What is AI?
What exactly is artificial intelligence (AI)? According to the movies, it is either a sentient system, an intelligent machine that can build realities and trap humans, or some other form of advanced humanoid that eventually develops feelings. While these examples are works of fiction (and extreme), AI is something you don't have to be afraid of. Once you have completed this course, you will realize that AI is just a multi-purpose tool in your toolbox (albeit a very powerful one) that can help you succeed throughout your time here at Wayne State.
So, let's start off by defining AI. According to Google, AI is a technology that enables computers to perform a variety of advanced functions. It can translate languages, analyze data, make recommendations, and much more. AI's actual definition is "a field of science concerned with building computers and machines that can reason, learn, and act in such a way that would normally require human intelligence or that involves data whose scale exceeds what humans can analyze."
Commonly used terms
You will hear a lot of different commonly used technical terms when talking about AI. So, it will be good to keep these definitions in mind:
- Automation: Making a process or system operate automatically - independently, without requiring human input.
- Algorithm: A finite sequence of mathematically rigorous instructions, typically used to solve a class of specific problems or to perform a computation.

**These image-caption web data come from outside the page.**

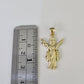 Real 10K Jesus Full Body Pendant Charm Genuine Religious Yellow Gold 1.25"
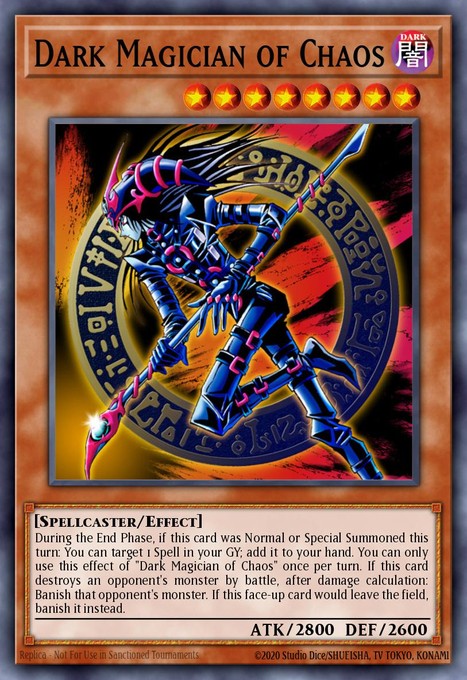 Dark Magician of Chaos DR2-EN066 card from Dark Revelation Volume 2
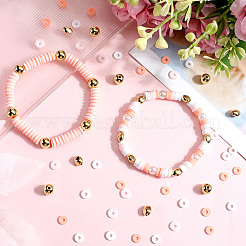 Бусины из полимерной глины ручной работы с пластиковыми бусинами ccb набор для изготовления фурнитуры для бижутерии DIY-SC0025-50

- Bias: Assumptions made by an AI system in order to simplify the process of learning and performing the task(s) it was designed for.
- Deep Learning: A subset of machine learning methods based on neural networks with representation learning.
- Deepfake: A piece of media created by deep learning or other AI technology to misrepresent reality.
- Large Language Model: A neural network with a large number (usually billions) of parameters, with large amounts of text used as its training data.
- Machine Learning: A field of research focused on how machines can "learn" (i.e., become capable of more and more advanced tasks).
- Natural Language Processing: The study of AI systems can be used to process and generate human language.
- Neural Networks: In machine learning, these are computational models inspired by the structure and function of biological neural networks in the brain.
- Parameter: A variable within an AI system that is used to make predictions.
- Prompt: The user input that a generative AI model responds to.